Environmental campaign group Milieudefensie has become the third organisation to publish its plans for reducing the Netherlands’ reliance on gas by 2030.

The lobby group says that without concerted action, just 20% of homes in the Netherlands will be gas free by 2030. However, that can be boosted to 80% if the government implements a broad strategy and tackles the cost, the organisation says.

The government’s target is to ensure one in four Dutch homes no longer relies on gas by 2030 and that all homes should be gas free by 2050.

Milieudefensie’s proposals include introducing lower property taxes for housing which is properly insulated and gas-free, and bringing in local authority grants to help people on low incomes prepare their homes to turn off the gas taps.

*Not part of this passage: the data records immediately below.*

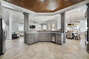 Bar Seating in the Expansive Luxury Kitchen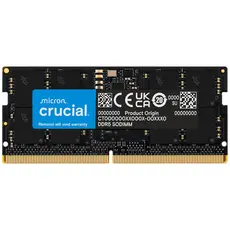 Crucial CT32G56C46S5/ Memory Module  - 32GB, DDR5, 262-pin SO-DIMM, מערך/סידור הזיכרון: 1 x 32 GB, זיכרון פנימי: 32 GB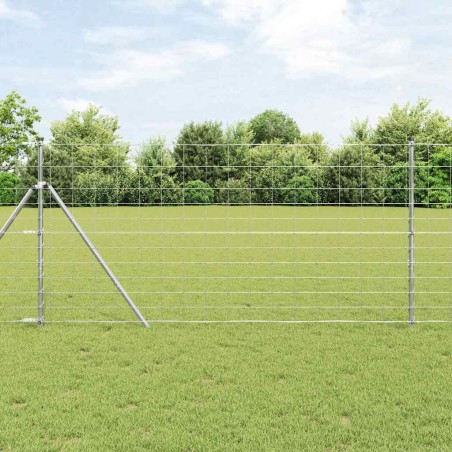 vidaXL Recinto da Campo 1,2 x 50 m in Acciaio Zincato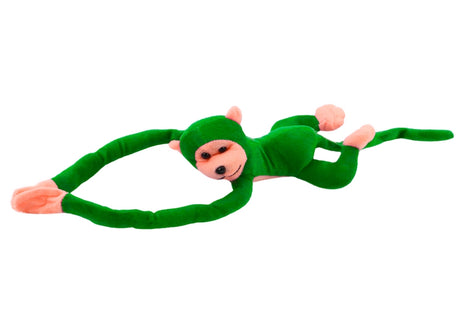 Mjuk apa maskot 80 cm med ljud och kardborre, från 3 år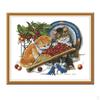 Cat & Stitch DIY Kit Counted Embroidery Kits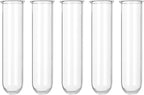 YIBOT Glass Plant Propagation Tubes Accessories Glass Test Tubes Tiered Planters Wall Terrarium for Home Office Plant Hanger Flower Vases Wall Decor Hydroponic Cuttings (5 Tube Vases) Clear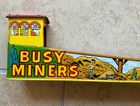 1930s Marx Wind Up Busy Miners Tin Toy Vintage Works No Cart Great Litho  870
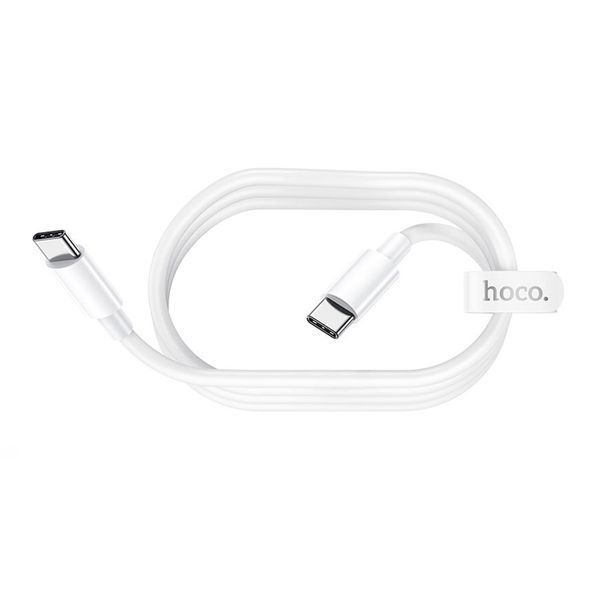 Cable Hoco Type-C to Type-C X51 100W/5A PD 1m white 44794 фото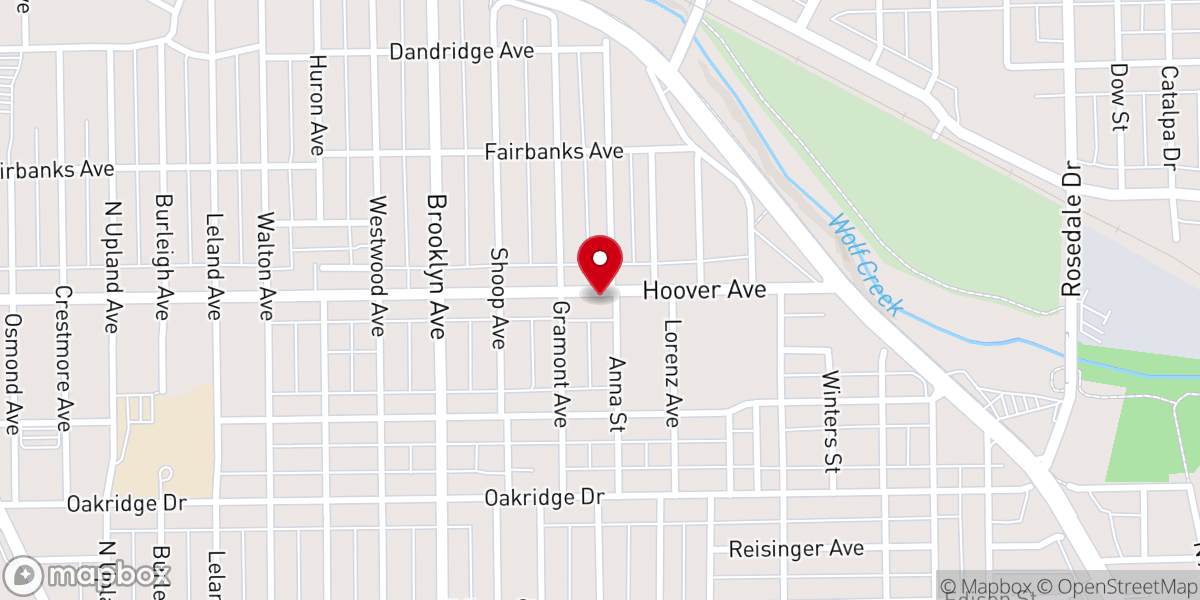 Map showing location of True Holy Church of God and Christ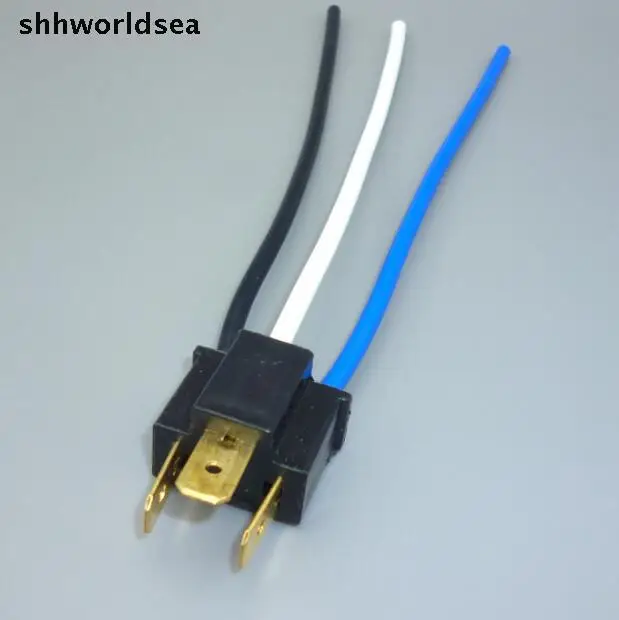 

Shhworldsea H4 9003 3pin male Pulg nylon 20pcs Bulb Male socket for Halogen headlamp connector Lamp holder Free Shipping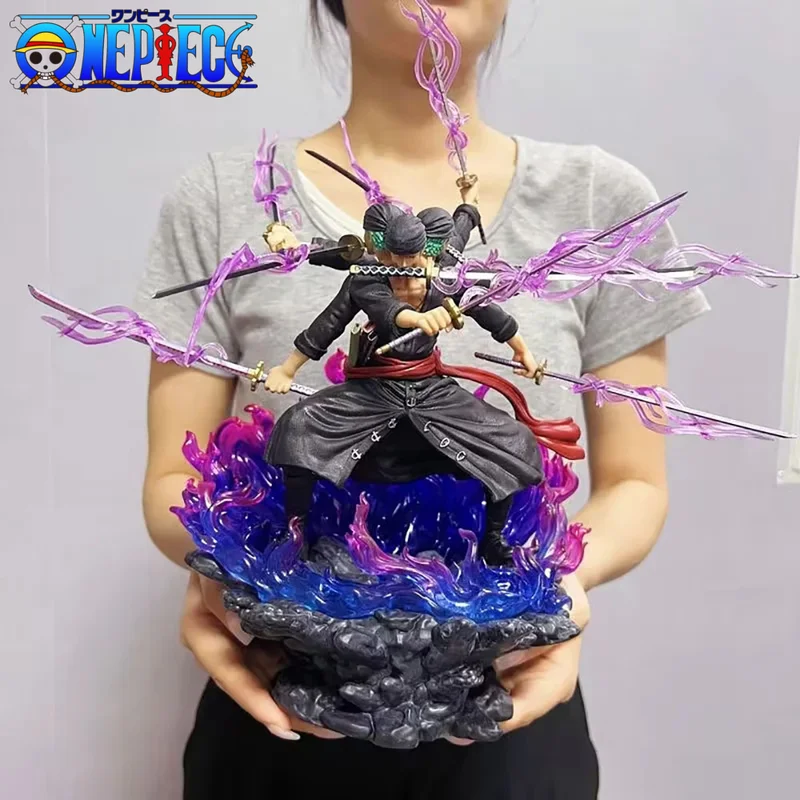 

40cm Anime One Piece Zoro Figure Wano Onigashima 9 Swords Style Action Figurine PVC Statue Model Decoration Collectible Toy Gift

Work should also begin now on developing a network of underground pipes to deliver excess heat produced by industry and geothermal heat to private homes.

To pay for the changes, everyone should have to pay a carbon-dioxide tax, Milieudefensie says. Money raised by the tax should be put into a special fund to help pay for the transition.

‘Housing corporations, banks, domestic appliance sellers, grid operators – everyone should work together,’ campaign leader Jorien de Lege said. ‘The Netherlands has to overcome its gas addiction.’

Lobby groups

Milieudefensie is now the third lobby group in the Netherlands to publish its plans to cut gas usage as the Groningen gas fields are wound down.

Earlier this month, the construction sector lobby group said no more new homes should be connected to the gas network from next year.

At the moment builders can still opt for gas which the association says is tempting because homes relying on heat pumps for energy are significantly more expensive to build. NVB Bouw advocates a ban on gas and a transition scheme for builders who already have projects in the pipeline.


And in March, a consortium of lobby groups, including plumbers, manufacturers, green groups and several energy firms proposed stopping the sale of traditional gas fired central heating by 2021.

Instead, home owners should be required to install heat pumps or hybrid systems when old central heating boilers need replacing, the organisations say.

That plan has been heavily criticised because of the cost of installing heat pumps, which are not suitable for older houses and take up a large amount of room.

Traditional boilers cost around €2,000 but electricity-powered heat pumps will set home owners back some €9,000. Hybrid boilers, with a small gas system for very cold days, cost around €6,000.